What the task requires
Ignore the pictures in the data below and set down exactly the lines from its first line through the line containing "We can retrieve the".

Stored data
++++++++
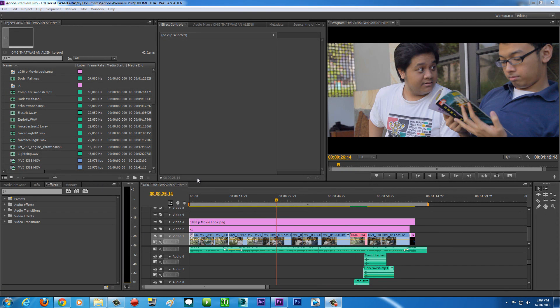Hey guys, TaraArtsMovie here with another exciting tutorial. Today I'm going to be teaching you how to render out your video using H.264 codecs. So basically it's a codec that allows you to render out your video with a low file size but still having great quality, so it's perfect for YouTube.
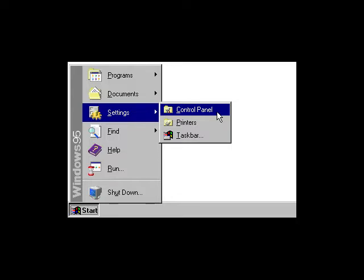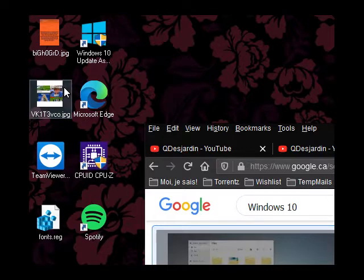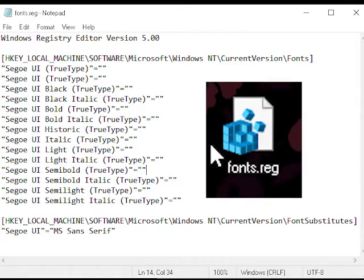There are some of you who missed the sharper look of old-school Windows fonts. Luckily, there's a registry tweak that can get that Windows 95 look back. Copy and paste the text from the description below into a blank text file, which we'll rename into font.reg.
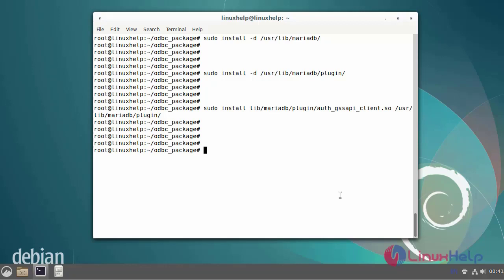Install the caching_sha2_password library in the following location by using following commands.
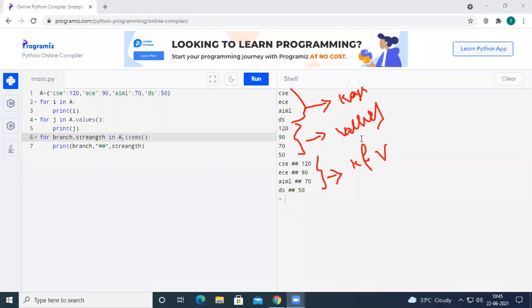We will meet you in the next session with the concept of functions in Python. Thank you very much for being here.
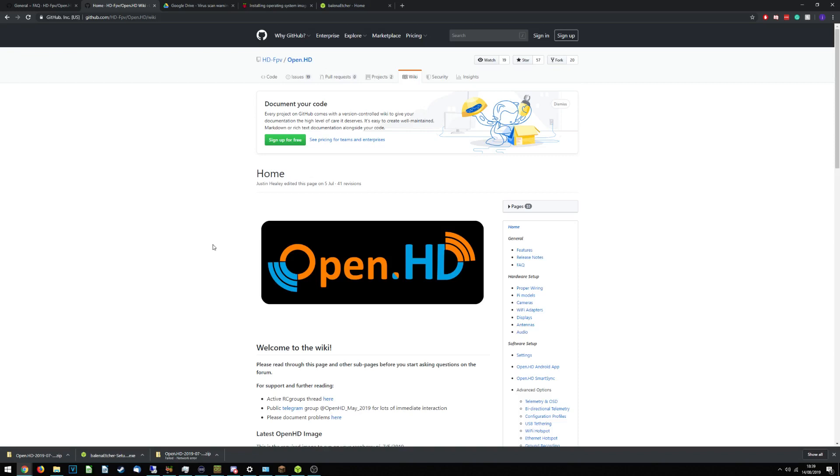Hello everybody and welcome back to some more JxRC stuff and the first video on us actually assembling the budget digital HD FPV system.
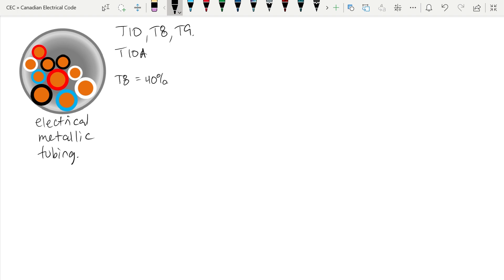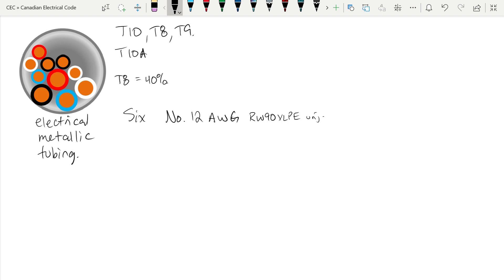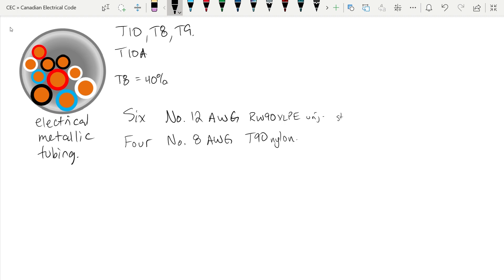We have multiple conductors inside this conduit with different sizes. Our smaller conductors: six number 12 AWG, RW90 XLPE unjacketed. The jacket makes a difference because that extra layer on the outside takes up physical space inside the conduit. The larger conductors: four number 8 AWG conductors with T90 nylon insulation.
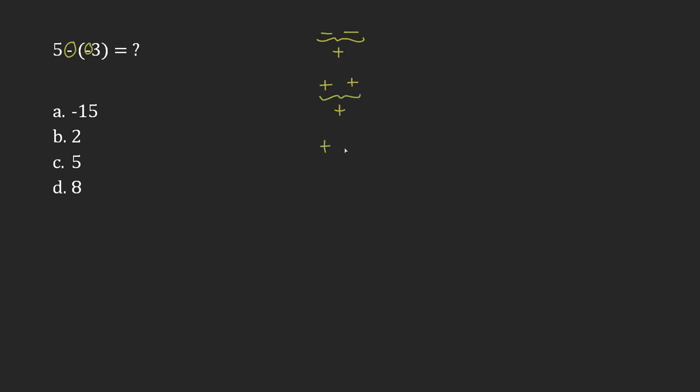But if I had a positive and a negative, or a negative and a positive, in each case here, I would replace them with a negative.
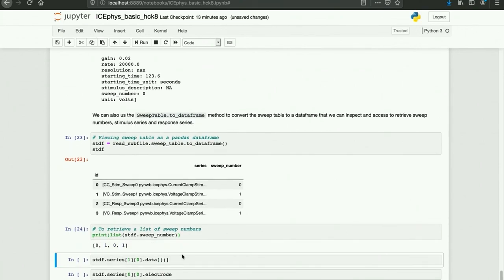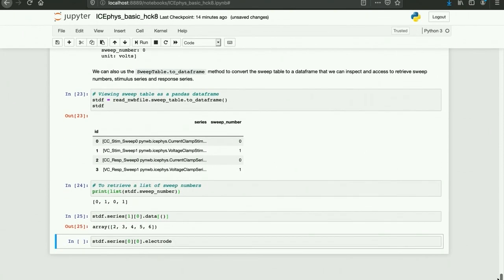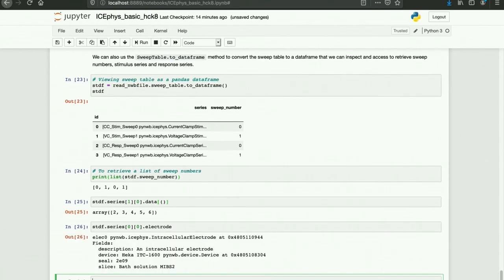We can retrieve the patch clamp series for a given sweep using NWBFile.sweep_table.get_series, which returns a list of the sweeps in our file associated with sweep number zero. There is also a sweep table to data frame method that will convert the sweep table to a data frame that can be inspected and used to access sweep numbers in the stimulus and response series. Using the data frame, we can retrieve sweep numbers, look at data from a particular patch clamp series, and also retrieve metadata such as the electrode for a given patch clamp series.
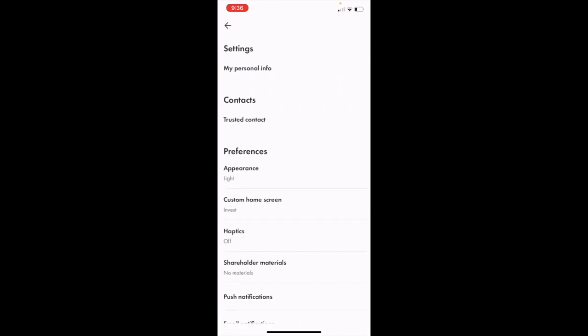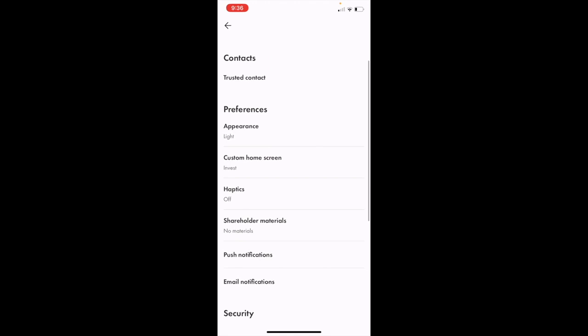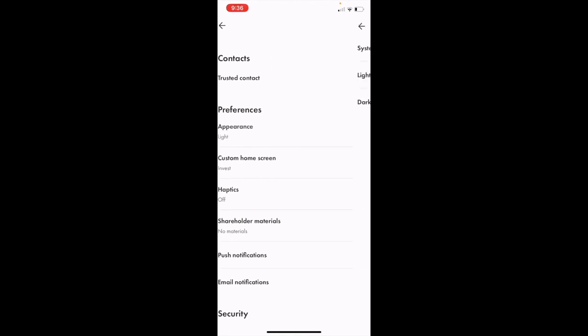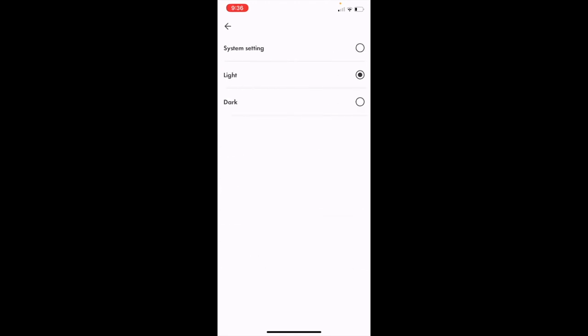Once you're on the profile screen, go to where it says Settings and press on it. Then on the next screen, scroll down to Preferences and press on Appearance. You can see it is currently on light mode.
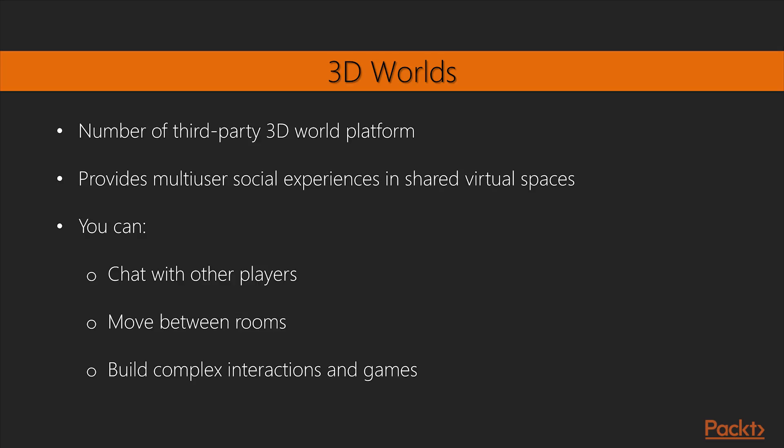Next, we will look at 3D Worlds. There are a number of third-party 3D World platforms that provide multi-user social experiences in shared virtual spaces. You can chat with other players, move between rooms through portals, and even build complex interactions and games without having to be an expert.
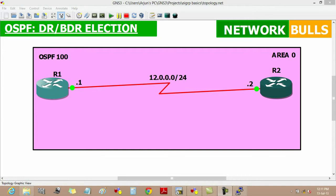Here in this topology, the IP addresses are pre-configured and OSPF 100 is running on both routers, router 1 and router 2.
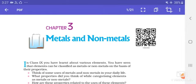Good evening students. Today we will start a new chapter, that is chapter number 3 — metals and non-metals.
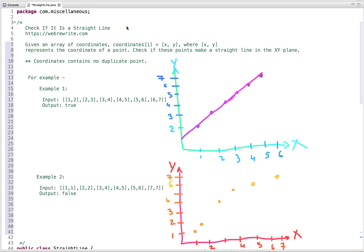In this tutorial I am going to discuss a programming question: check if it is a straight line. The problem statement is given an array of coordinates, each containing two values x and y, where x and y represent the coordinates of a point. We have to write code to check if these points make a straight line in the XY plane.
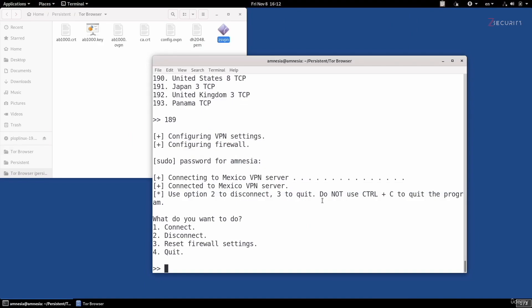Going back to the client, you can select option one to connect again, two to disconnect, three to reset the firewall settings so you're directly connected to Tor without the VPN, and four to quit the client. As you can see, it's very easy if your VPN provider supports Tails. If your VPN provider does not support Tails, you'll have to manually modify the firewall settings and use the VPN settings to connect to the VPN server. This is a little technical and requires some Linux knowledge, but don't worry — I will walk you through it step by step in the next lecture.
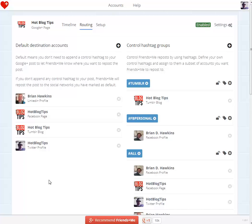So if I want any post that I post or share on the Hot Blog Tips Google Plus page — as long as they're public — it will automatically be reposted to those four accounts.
++++++++
Task answer
Hey guys, TaraArtsMovie here with another exciting tutorial. Today I'm going to be teaching you how to render out your video using H.264 codecs. So basically it's a codec that allows you to render out your video with a low file size but still having great quality, so it's perfect for YouTube.
There are some of you who missed the sharper look of old-school Windows fonts. Luckily, there's a registry tweak that can get that Windows 95 look back. Copy and paste the text from the description below into a blank text file, which we'll rename into font.reg.
Install the caching_sha2_password library in the following location by using following commands.
We will meet you in the next session with the concept of functions in Python. Thank you very much for being here.
Hello everybody and welcome back to some more JxRC stuff and the first video on us actually assembling the budget digital HD FPV system.
We have multiple conductors inside this conduit with different sizes. Our smaller conductors: six number 12 AWG, RW90 XLPE unjacketed. The jacket makes a difference because that extra layer on the outside takes up physical space inside the conduit. The larger conductors: four number 8 AWG conductors with T90 nylon insulation.
But if I had a positive and a negative, or a negative and a positive, in each case here, I would replace them with a negative.
We can retrieve the patch clamp series for a given sweep using NWBFile.sweep_table.get_series, which returns a list of the sweeps in our file associated with sweep number zero. There is also a sweep table to data frame method that will convert the sweep table to a data frame that can be inspected and used to access sweep numbers in the stimulus and response series. Using the data frame, we can retrieve sweep numbers, look at data from a particular patch clamp series, and also retrieve metadata such as the electrode for a given patch clamp series.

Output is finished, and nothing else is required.